According to a recent phone survey only one American in 1,000 was able to name all five rights guaranteed by the First Amendment. If you extrapolate this finding to the whole of the country then you find that only 300,000 Americans out of a population of about 3 million know all of their First Amendment rights (I am one of the 300,000, BTW). Incredibly 30% did not know that freedom of speech is one of them despite this concept being one of the cornerstone concepts of our democracy and only a meager 24% could name freedom of religion.
Even though few Americans make the effort to know all 45 words of the First Amendment by heart most have at least a vague sense of their “rights” in the form of freedom from government interference in their lives. So it is very unlikely that our present day Congress would be able to pass such an unconstitutional law as the 1798 Sedition Act. Yet our horribly inexact knowledge of our “rights” helps to explain the wide support for such misguided proposals like the so called Flag Burning Amendment or the sad fact that about half of Americans actually believe that our rights go too far (a common occurrence in time of war).
Digging deeper into the survey we find a significant number of Americans are unclear on the concept of a “right”. About a third believe that education is guaranteed by the first Amendment and one in five believe that there is a “right to drive”. The problem here is that a “right” as defined by the First Amendment simply limits government restrictions on activities such as speech. A “right” is not something that places an obligation on others to provide. Not a single Amendment obligates the government to provide any service (like education) or provision (cars and roads) to the people.
With so few Americans knowing what their rights are and not even understanding what the concept of “right” means, it worries me when I see surveys like this one that found that 77% feel that health care should be a right guaranteed by the government. But health care is not a “right”. Health care is an entitlement in this sense. It worries me that people use “right” and “entitlement” so interchangeably.
Health care is a service that requires others to provide and these providers must be compensated. However this compensation does not come from the government. As Dr. Peikoff (PhD) pointed out, “Government is not a productive organization; it has no source of wealth other than confiscation of the citizens’ wealth, through taxation.” Government simply acts as a collector and distributor. The actual compensation comes from us or rather those of us who pay taxes. Taking something from someone and giving it to someone else does not make it a “right”.
Yet this simple concept has not prevented so many from using the erroneous term “right” when what they really mean is entitlement. They do this because they know that “right” implies getting something for nothing such as freedom of speech and who doesn’t want that? When health care is considered a “right” then the vast majority of Americans support universal health care provided by the government.
But when people realize that health care is not a right but a service requiring them to provide compensation then support for universal health care drops. Only 45% would pay higher taxes or health care premiums in order to have universal coverage. As a service, health care draws on limited resources and unlike a true “right” health care must be proportioned out which means that not everyone will be getting their “fair share”. When people realize this reality then the percentage drops even more to 35-38% if the result would be limited choices and longer waits for non-emergent treatment (the universal ills of universal health care coverage).
Some believe that we have the “right” to get emergency treatment. The 1986 Emergency Medical Treatment & Labor Act (EMTALA) mandated that every US hospital that accepts Medicare/Medicaid must also treat and stabilize every patient in need of emergent treatment without regard to their ability to pay. But this is not a “right”. This is mandated charity (if the treated patient is unable or unwilling to pay afterwards) The uncompensated costs of this unfunded mandate are spread around among paying patients, insurers, and taxpayers. So everyone (including nonresident foreign citizens) has the opportunity to get charity emergent care.
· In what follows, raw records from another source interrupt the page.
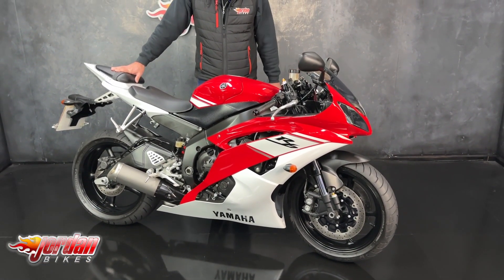Rare to find one in this condition and this mileage, so if you do fancy it, don't hang about — because if you don't buy it, somebody else will.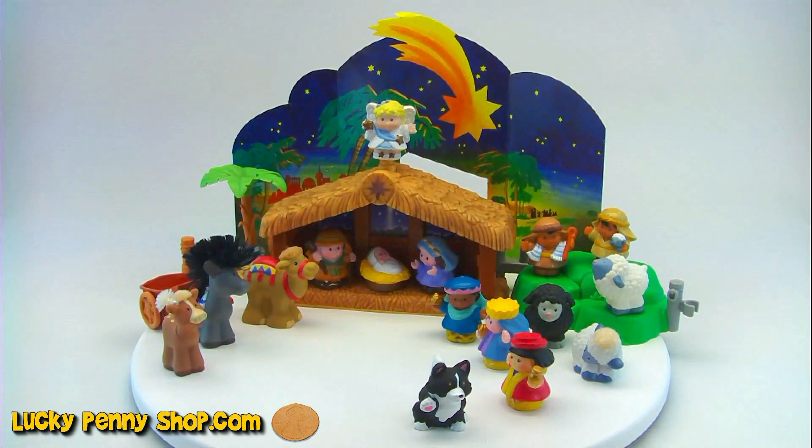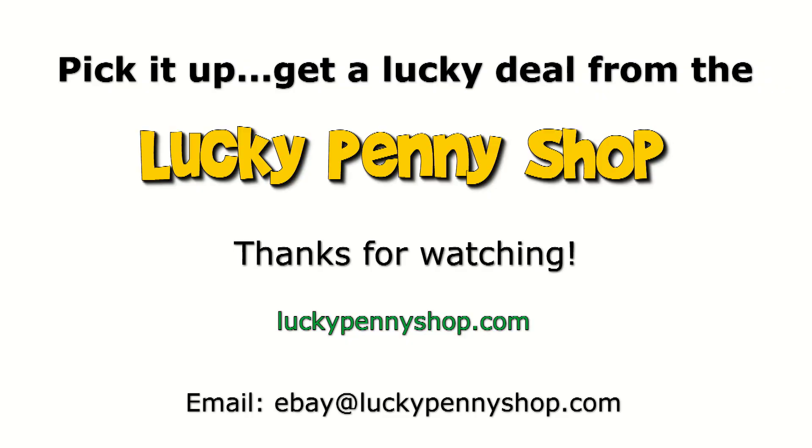There you go. That was a Little People Christmas from Fisher Price. Thanks for watching our eBay product video. And always remember, if you see a Lucky Penny, pick it up. Bye.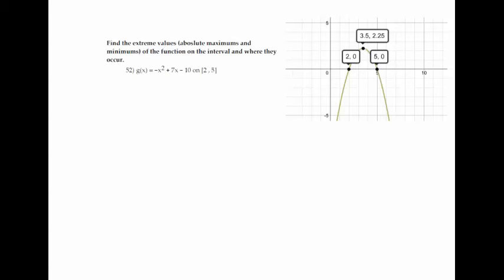On number 52, find absolute maximums and minimums on the interval from 2 to 5. Graph in your calculator and look between those values — you could change your window so x min is 2 and x max is 5. The very top of the graph is the maximum, at 3.5 comma 2.25.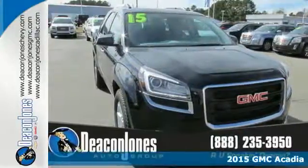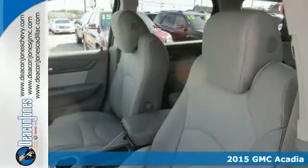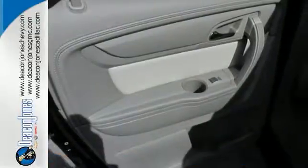It's a 2015 GMC Acadia. No matter where the road takes you, this Acadia is focused on delivering performance and handling that keeps you firmly in control.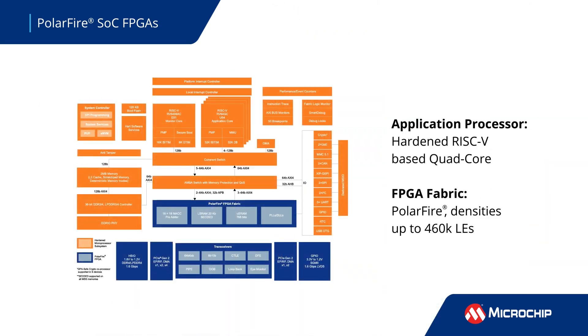The PolarFire SOCs provide a hardened quad-core RISC-V-based processor and industry-leading PolarFire FPGA fabric with densities up to 460,000 logic elements and a flexible 2-megabyte L2 memory subsystem.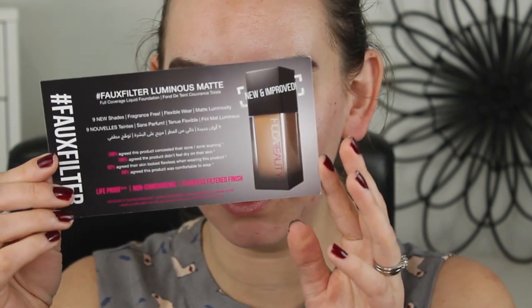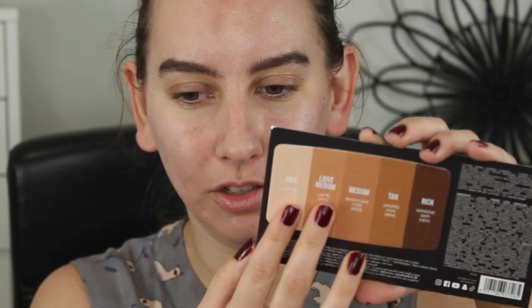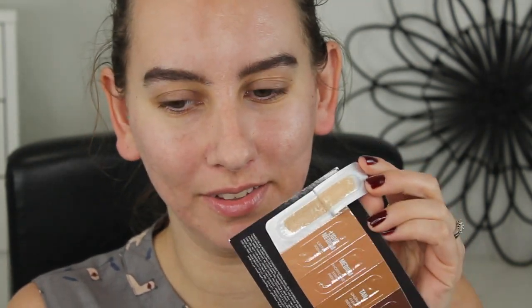Let's hop into this Huda Beauty Luminous Matte Foundation. I think I'm going to have to mix these two shades — Fair Cashew looks too light for me, and Light Medium Latte definitely looks too dark. Let's start off with Fair and I'll start in the center of my face. There's like barely any product in here at all — I've definitely had better foundation samples than that. I'm going to use my e.l.f. ultimate blending brush. I do have a wet sponge here as well.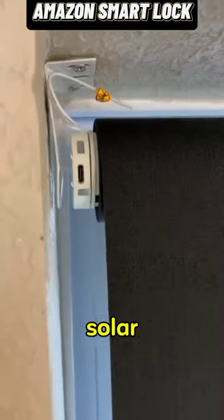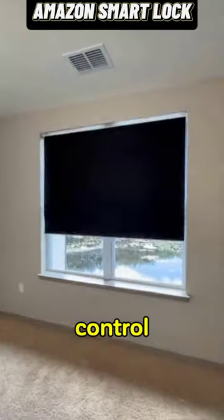These blinds come with a solar panel and connect to Alexa, so you can control them with voice command.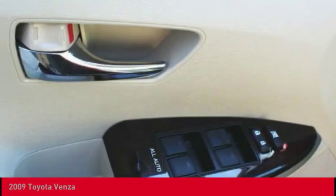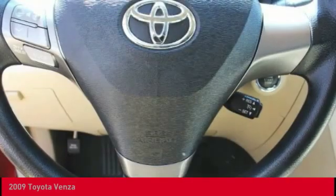If affordable style and reliability are what you're looking for, this vehicle couldn't be more perfect. Drive it today.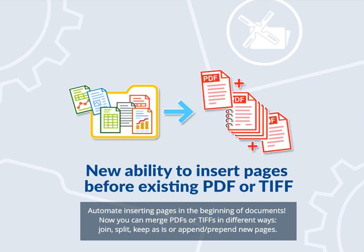Now you can merge PDFs or TIFFs in different ways: join, split, keep as is, append or prepend new pages.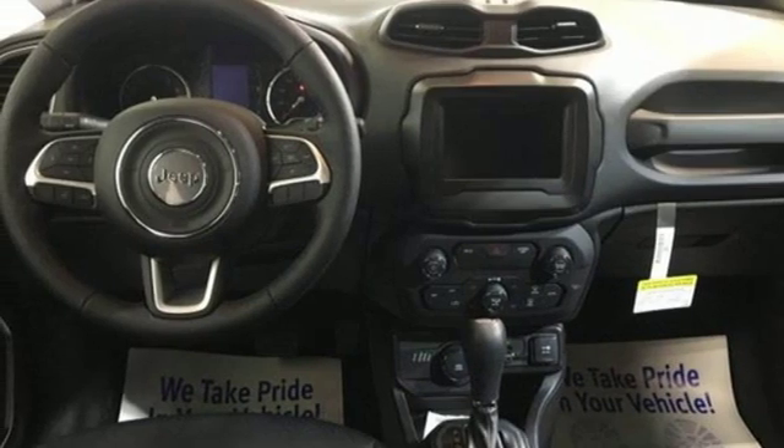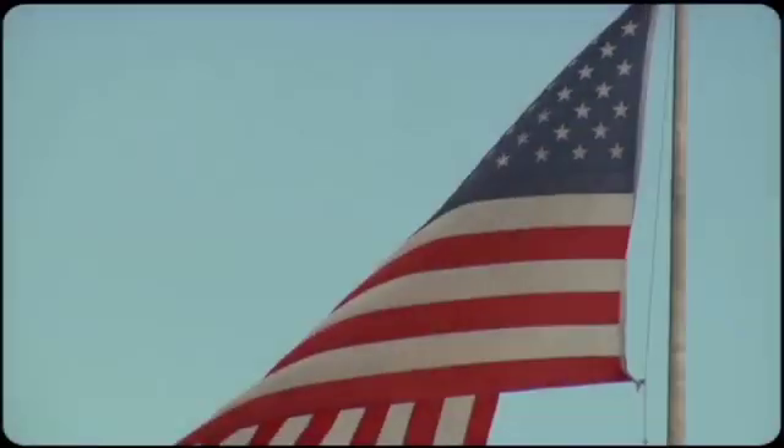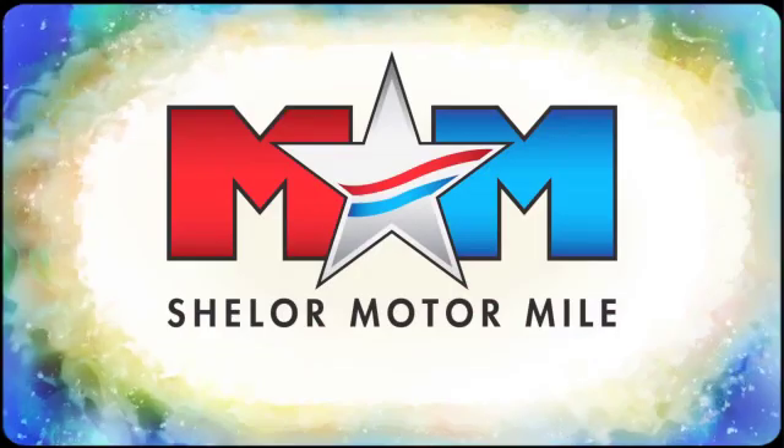See what it can do for you when you take it for a test drive. Come visit us on the Motor Mile, where you're always a name and never a number.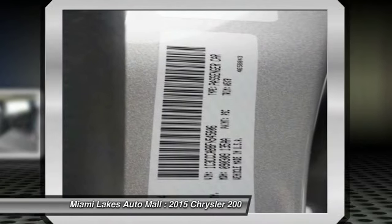If you like it online, you'll love it in your driveway. Take it for a spin today.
The reason I’m nitpicking on definitions here is that the future debates on universal health care in this country will (as too often are things of this nature) be dominated by political slogans and “buzzwords” in an attempt to simplify a massively complex issue for consumption by an attention span shortened public who know far more about the Simpsons then about their own Constitution. It appears inevitable that one of these slogans will be “Health care is a right” followed by a litany of services that your government should be providing while burying the costs of such a program in the fine print and completely neglecting to mention what unpopular steps will need to be taken in the likely event that costs cannot be contained. Be educated. Be prepared.